Woman meets machine in remarkable work

In the age of the single download, Jeff Harford rediscovers the album.

Every so often, the consumer kicks back at the peddler who presumes too much.

One of the blandest and longest-standing assumptions has been that ''radio-friendly'' singles should conform to a three-minute format, even after improvements in technology allowed artists to move well beyond the limitations of the earliest platters.

In 1981, Laurie Anderson's eight-minute song O Superman not only dismissed that notional time constraint, just as Queen's Bohemian Rhapsody had six years previously, it also placed a supposedly non-commercial, strictly-for-the-art-freaks New York avant-garde performer one spot short of the top of the UK singles charts.

There was a message here: ''Give us something new and interesting.
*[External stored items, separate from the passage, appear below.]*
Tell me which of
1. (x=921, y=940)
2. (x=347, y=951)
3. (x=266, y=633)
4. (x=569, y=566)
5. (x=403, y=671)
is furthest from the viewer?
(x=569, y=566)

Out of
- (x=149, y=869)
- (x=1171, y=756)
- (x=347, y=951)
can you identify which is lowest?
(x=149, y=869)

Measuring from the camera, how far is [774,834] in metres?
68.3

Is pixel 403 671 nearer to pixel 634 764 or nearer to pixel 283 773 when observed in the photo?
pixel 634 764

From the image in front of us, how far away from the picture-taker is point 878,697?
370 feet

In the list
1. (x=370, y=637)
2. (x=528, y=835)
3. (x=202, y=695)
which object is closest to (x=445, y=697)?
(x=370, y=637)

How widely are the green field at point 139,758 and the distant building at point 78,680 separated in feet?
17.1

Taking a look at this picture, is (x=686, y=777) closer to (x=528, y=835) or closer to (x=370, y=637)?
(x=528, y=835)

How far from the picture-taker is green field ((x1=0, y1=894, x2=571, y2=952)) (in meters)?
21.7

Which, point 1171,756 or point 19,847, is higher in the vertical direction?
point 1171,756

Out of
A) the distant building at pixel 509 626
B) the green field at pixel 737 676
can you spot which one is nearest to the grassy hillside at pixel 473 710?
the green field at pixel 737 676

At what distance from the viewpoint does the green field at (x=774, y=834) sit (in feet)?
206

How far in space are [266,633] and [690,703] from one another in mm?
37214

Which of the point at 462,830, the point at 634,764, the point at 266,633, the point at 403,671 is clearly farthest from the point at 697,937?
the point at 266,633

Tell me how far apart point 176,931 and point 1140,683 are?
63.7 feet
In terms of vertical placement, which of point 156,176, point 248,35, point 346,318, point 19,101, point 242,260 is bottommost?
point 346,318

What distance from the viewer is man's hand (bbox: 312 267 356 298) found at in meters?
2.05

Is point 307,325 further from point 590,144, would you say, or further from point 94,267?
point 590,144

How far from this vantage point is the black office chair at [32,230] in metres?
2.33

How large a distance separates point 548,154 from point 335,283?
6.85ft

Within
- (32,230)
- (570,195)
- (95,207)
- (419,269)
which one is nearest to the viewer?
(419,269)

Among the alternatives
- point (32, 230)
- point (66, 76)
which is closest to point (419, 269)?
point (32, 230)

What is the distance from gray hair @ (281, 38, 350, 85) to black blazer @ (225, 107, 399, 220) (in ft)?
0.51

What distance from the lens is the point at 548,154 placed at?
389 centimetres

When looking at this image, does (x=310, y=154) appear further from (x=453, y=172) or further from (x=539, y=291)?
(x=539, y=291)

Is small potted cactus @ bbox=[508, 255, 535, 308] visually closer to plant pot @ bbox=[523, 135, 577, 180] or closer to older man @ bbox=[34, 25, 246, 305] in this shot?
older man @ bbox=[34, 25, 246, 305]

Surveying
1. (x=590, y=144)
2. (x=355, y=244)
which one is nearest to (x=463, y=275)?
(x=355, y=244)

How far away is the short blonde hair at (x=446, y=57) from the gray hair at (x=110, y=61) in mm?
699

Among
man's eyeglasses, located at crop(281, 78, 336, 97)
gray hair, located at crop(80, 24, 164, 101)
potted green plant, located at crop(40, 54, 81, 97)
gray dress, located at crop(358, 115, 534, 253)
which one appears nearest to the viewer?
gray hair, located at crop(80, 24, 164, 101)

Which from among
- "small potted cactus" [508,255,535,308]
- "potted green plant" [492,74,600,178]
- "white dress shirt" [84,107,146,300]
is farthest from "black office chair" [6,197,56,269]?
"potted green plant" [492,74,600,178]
We can handle it.''

The mesmeric song's success took Anderson as much by surprise as it did the small label that carried it.
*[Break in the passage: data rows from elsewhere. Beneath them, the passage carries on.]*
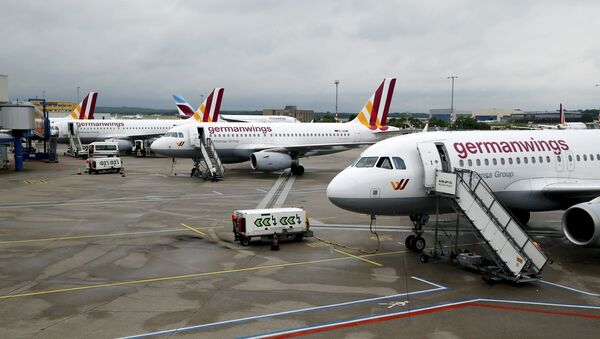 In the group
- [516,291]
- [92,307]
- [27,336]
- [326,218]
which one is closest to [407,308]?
[516,291]

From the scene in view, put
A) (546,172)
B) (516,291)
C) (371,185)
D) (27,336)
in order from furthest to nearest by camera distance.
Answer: (546,172) → (371,185) → (516,291) → (27,336)

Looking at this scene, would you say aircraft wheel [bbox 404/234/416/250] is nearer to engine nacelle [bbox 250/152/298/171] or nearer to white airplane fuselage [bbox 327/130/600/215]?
white airplane fuselage [bbox 327/130/600/215]

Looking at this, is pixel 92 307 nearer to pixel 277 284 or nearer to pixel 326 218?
pixel 277 284

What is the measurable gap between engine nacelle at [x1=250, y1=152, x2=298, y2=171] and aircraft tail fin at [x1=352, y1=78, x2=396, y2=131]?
11362 millimetres

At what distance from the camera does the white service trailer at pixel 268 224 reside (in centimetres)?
1948

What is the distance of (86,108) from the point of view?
72.1 metres

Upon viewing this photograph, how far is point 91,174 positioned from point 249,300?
35.8 meters

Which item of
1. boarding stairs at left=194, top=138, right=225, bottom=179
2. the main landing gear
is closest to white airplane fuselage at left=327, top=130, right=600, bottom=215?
the main landing gear

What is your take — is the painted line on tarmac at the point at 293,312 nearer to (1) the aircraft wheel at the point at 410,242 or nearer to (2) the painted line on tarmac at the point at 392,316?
(2) the painted line on tarmac at the point at 392,316

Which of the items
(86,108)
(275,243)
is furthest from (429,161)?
(86,108)

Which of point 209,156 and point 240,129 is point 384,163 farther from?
point 240,129

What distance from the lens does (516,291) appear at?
14.2 metres

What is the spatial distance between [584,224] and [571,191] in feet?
6.99

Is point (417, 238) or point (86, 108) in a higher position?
point (86, 108) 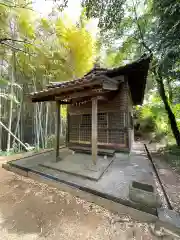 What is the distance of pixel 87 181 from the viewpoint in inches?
109

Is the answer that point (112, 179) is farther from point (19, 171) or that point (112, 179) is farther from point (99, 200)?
point (19, 171)

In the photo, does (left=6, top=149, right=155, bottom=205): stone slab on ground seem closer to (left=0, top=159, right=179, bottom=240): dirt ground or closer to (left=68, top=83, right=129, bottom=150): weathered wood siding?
(left=0, top=159, right=179, bottom=240): dirt ground

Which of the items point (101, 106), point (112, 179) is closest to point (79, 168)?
point (112, 179)

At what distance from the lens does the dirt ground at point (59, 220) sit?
1.68m

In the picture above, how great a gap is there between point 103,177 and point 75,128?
2.90 m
When the dust from the whirlwind of interest finally settled, Anderson found herself with a seven-album deal and the impetus to commit pieces from her performance art magnum opus United States I-IV to tape for major label debut LP Big Science (1982).

The album grapples with the United States' place in the world as a great nation - great in size, in achievements, in power and in expectation.

Viewed from the outside and in, America is laughed with and at, is questioned about matters of progress and treatment of the individual, and is presented as hugely vulnerable in the face of a fast-changing technological environment.

Anderson's human-ness is evident in the softness and warmth of her tone but is reshaped by the use of vocoder, harmoniser and pitch shifter. It enables her to play both the wry observer and the unflappable recorder of perceived truths, a woman and a machine.

Loops create rhythms from slices of breathy singing, and seldom does a track take the form of a conventional pop song. Within the context of the time, it is a remarkable crossover album that has lost little of its relevance.